**Your task:**
The answer must consist of each line of the records below that contains the string "https".

Short descriptive text snippets:

▽

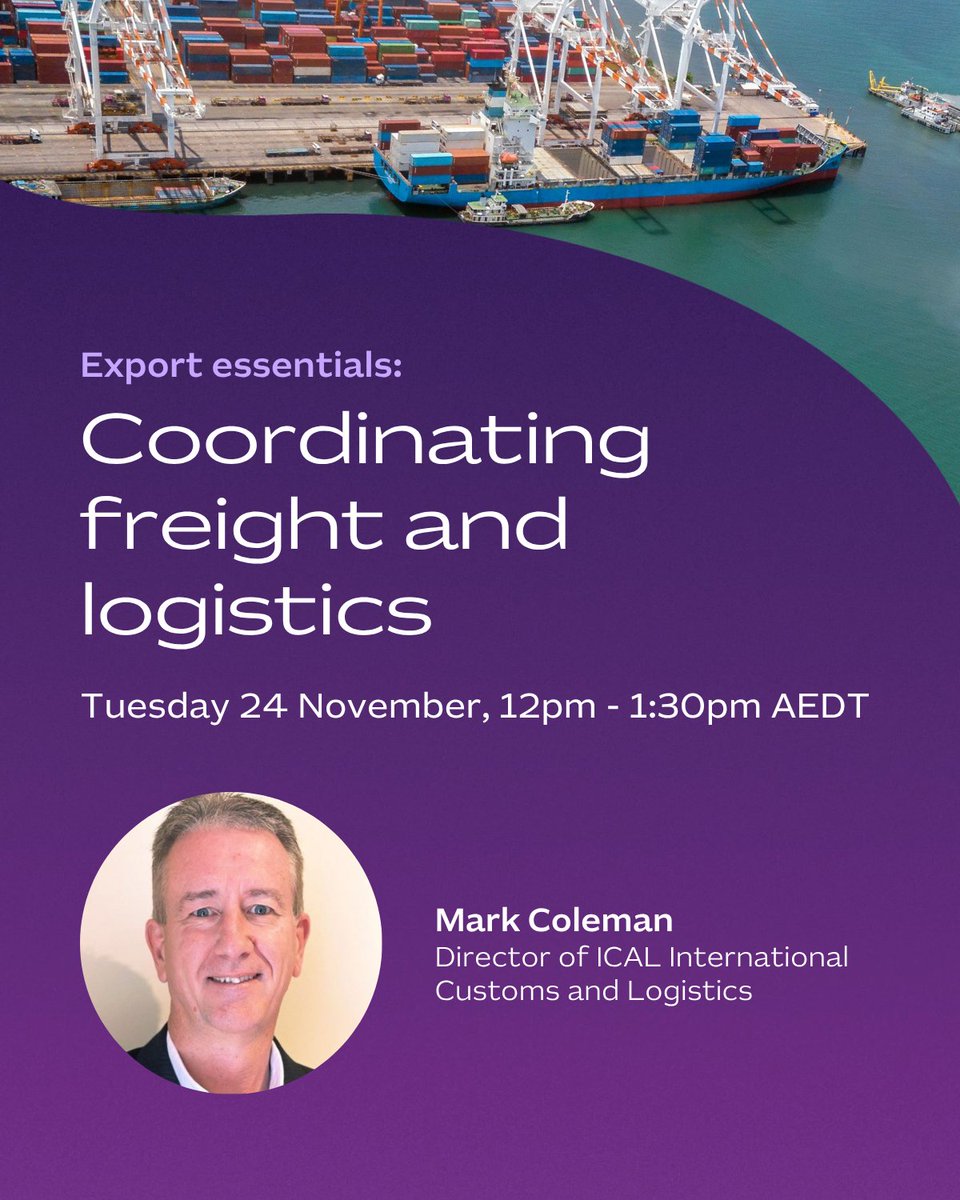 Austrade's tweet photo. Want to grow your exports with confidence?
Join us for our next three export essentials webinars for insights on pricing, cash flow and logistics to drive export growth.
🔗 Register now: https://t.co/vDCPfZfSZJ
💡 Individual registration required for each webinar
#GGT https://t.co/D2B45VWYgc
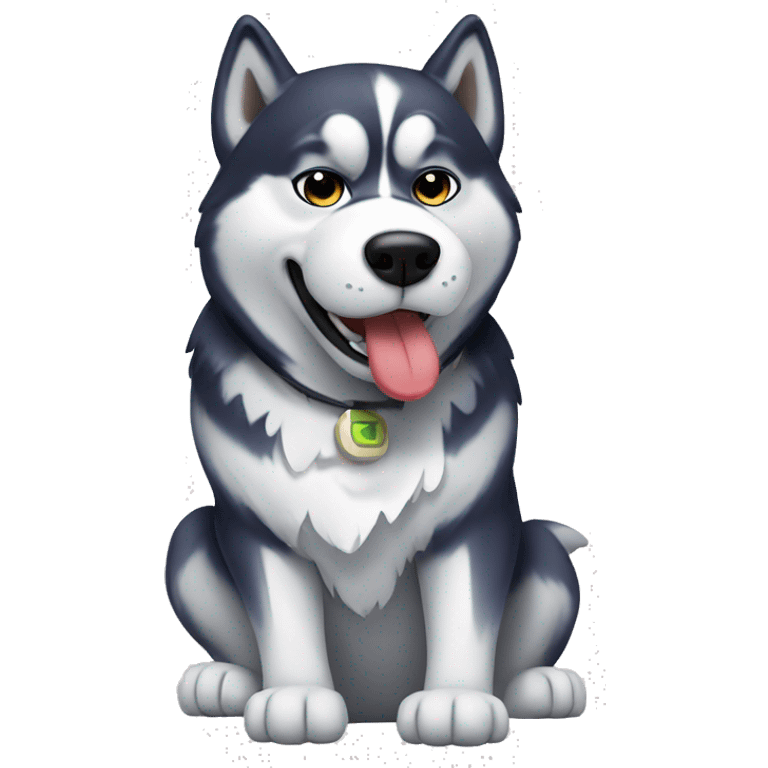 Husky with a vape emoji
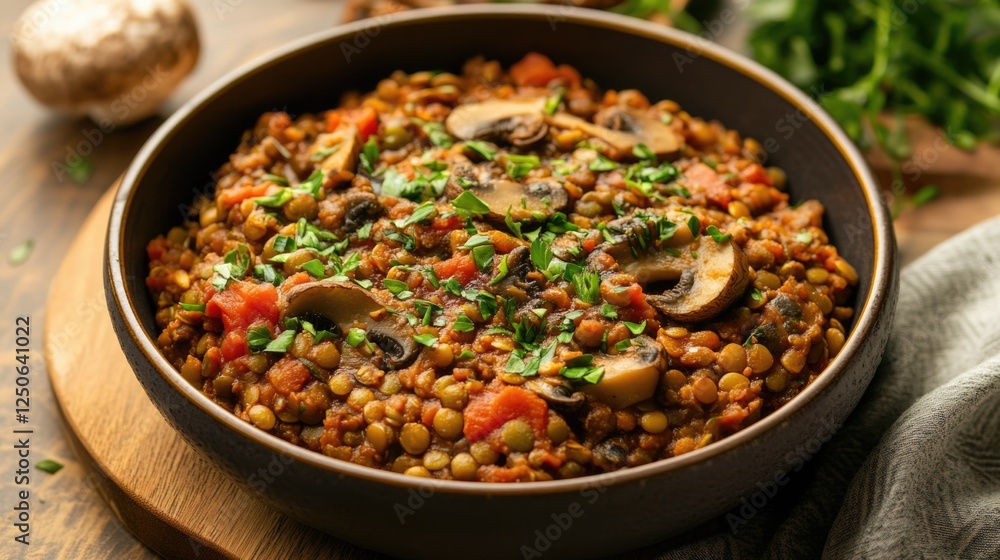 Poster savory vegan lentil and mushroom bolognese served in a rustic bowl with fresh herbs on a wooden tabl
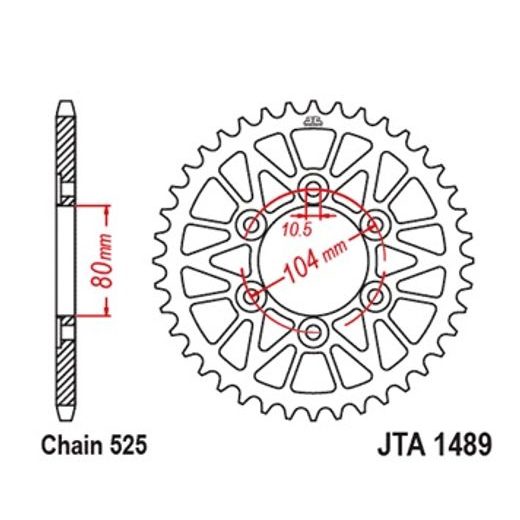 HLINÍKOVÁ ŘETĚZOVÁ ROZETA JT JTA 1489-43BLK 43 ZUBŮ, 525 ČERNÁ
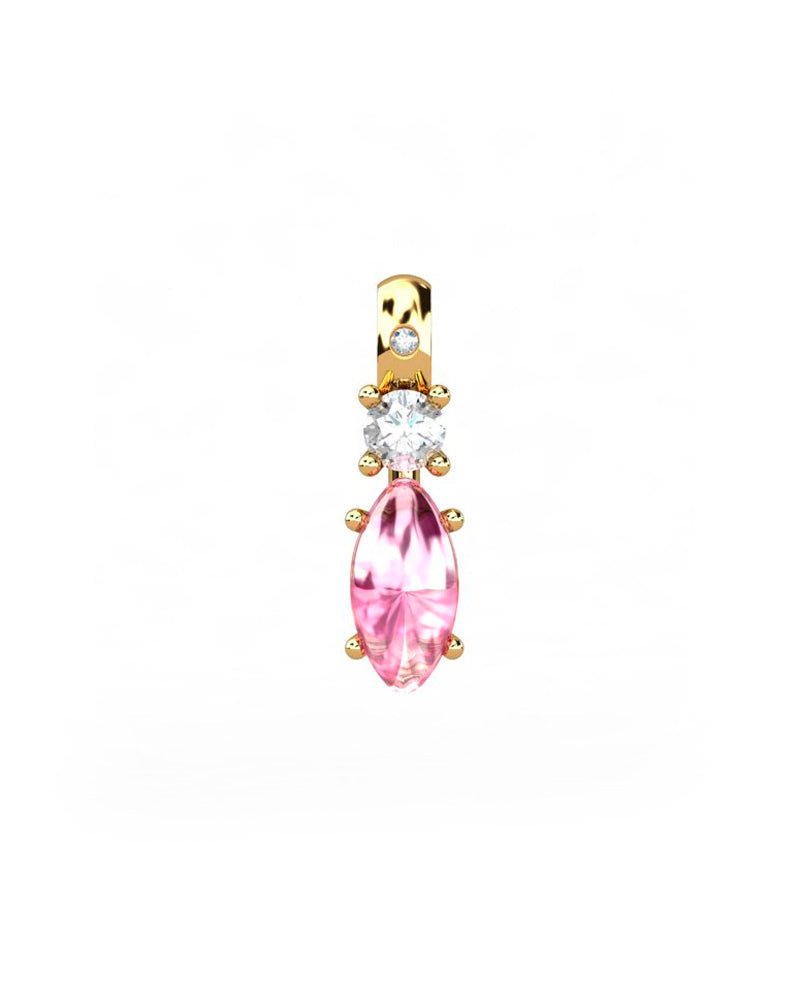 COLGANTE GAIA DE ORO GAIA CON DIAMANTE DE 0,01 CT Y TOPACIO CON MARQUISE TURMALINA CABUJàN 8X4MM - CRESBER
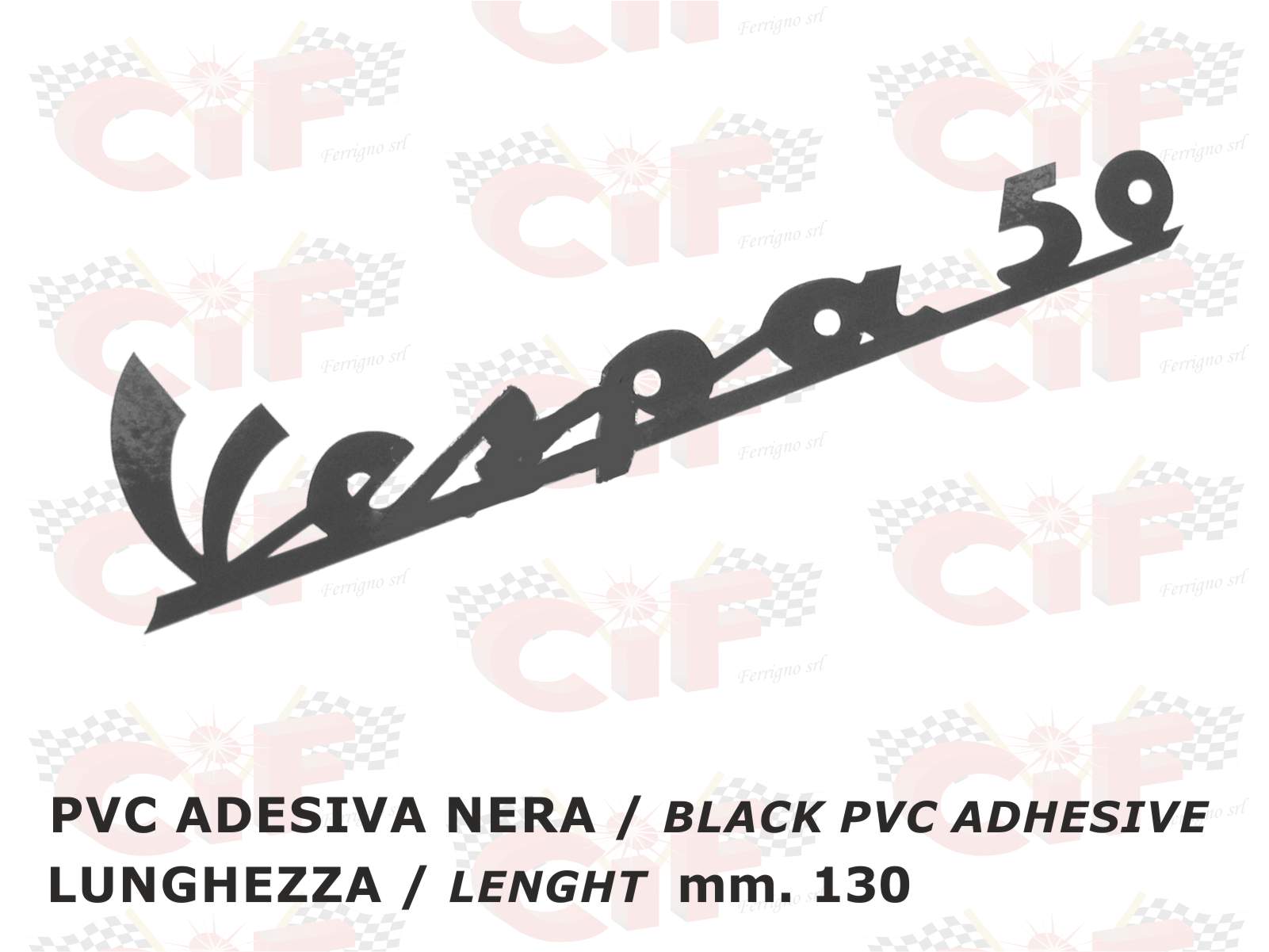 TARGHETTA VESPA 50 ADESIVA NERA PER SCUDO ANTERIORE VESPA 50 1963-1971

△

**Answer to this exercise:**
🔗 Register now: https://t.co/vDCPfZfSZJ
#GGT https://t.co/D2B45VWYgc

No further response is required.